In Berliner Regierungskreisen verweist man darauf, dass der Bundestag bei seinem "Okay" im September einen guten Weg gefunden habe. Die Abgeordneten gaben das politisch wichtige Signal, machten im Falle Albaniens deutlich, welche weiteren Auflagen zu erfüllen sind. Macrons Position, die in Brüssel mit wahltaktischen Gründen und aus Sorge vor einer Auseinandersetzung mit Marine Le Pen erklärt wird, stößt in Berlin auf Unverständnis: "Um eine Aufnahme dieser Länder wird es doch ohnehin erst in vielen, vielen Jahren gehen." Man sei bereit, mit Paris eine Reform des Verfahrens voranzutreiben, doch zuvor sei das politische Signal nötig.
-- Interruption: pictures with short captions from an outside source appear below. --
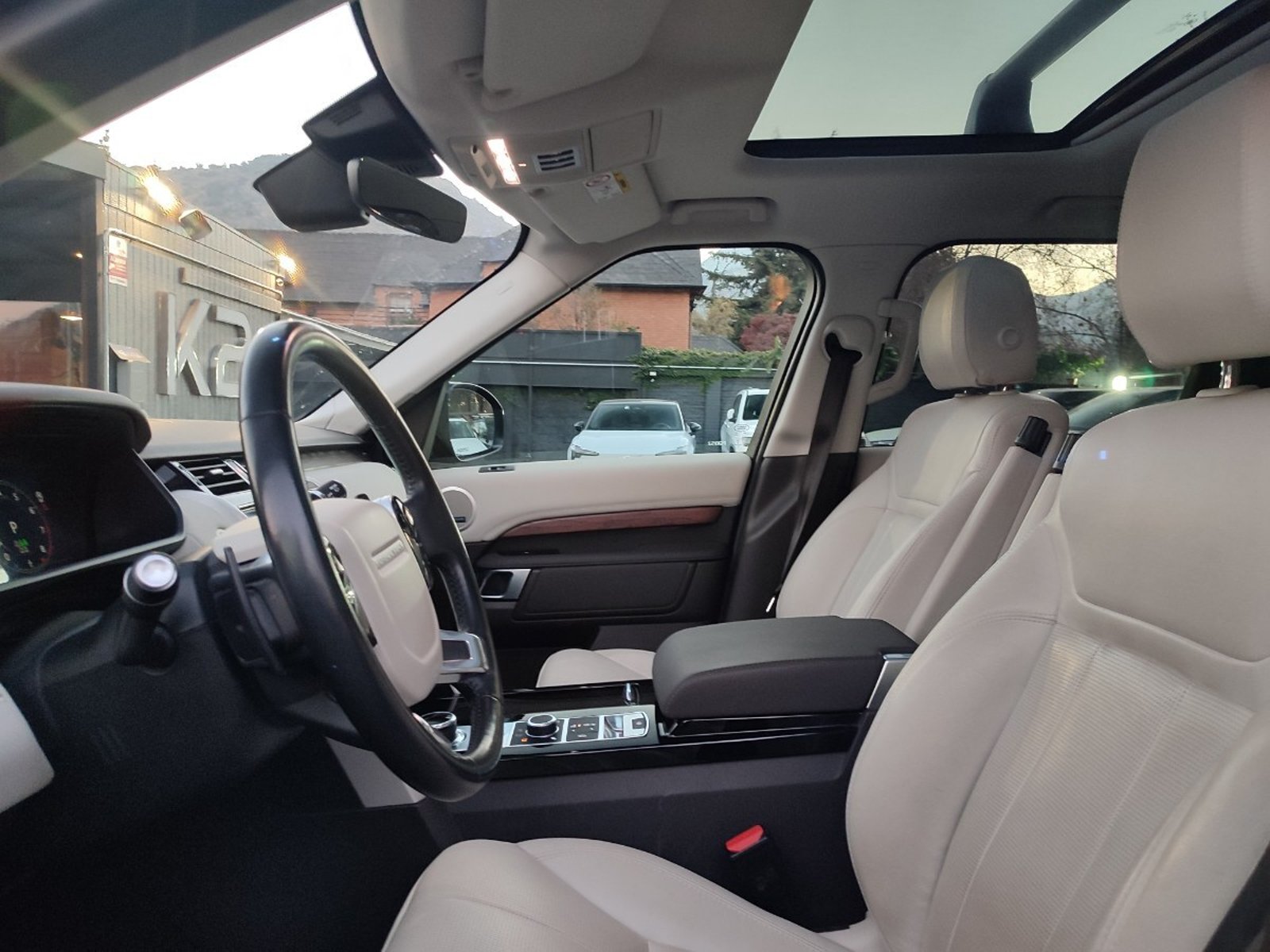 LAND ROVER DISCOVERY 3.0 V6 S/C 4X4 HSE 2020 - Imagen 13 de 20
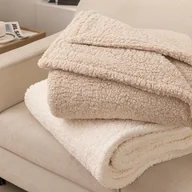 Koce - Koc z bukli 80x160 cm Baranek Dreamy Boucle beżowy Spod Igły i Nitki - miniaturka - grafika 1
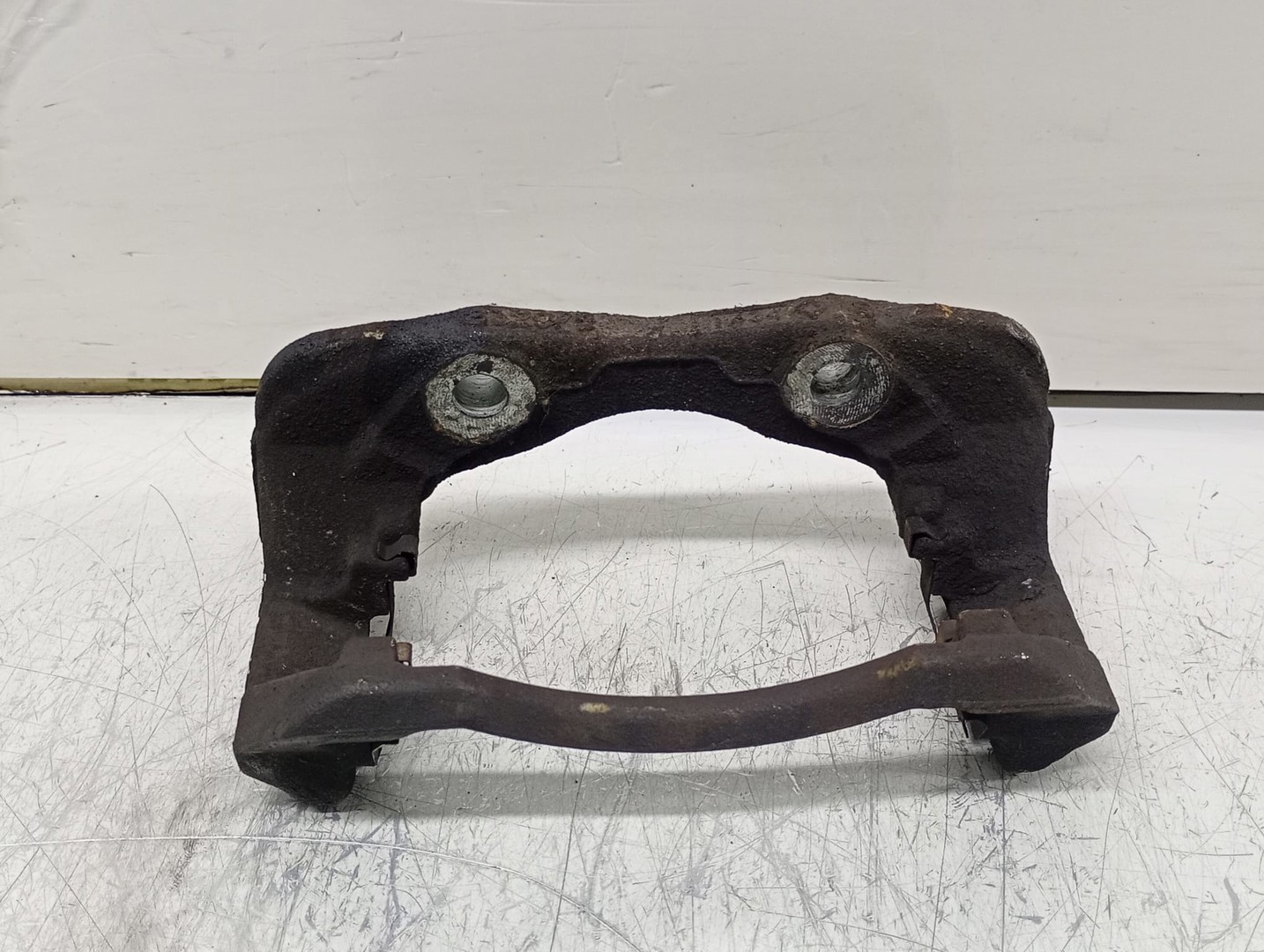 Suport etrier stanga fata Citroen C3 1 (2002 - 2010)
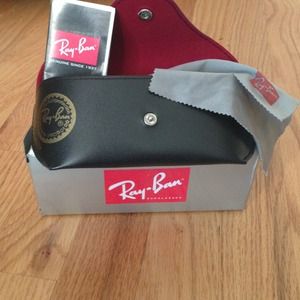 Ray-Ban Accessories - Sold!!Ray Ban Gold Aviators Ray-Ban Accessories - Sold!!Ray Ban Gold Aviators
Kritik an Paris kommt auch aus dem EU-Parlament. Die Blockadehaltung Frankreichs, insbesondere im Hinblick auf Nordmazedonien, sei nicht nachvollziehbar, sagt David McAllister (CDU). Der Vorsitzende des Auswärtigen Ausschusses lobt das Land für wichtige Reformfortschritte und die Lösung des historischen Namensstreits mit Griechenland: "Im Interesse der Stabilität des westlichen Balkans und der gesamten EU sollten sich diese Anstrengungen auszahlen."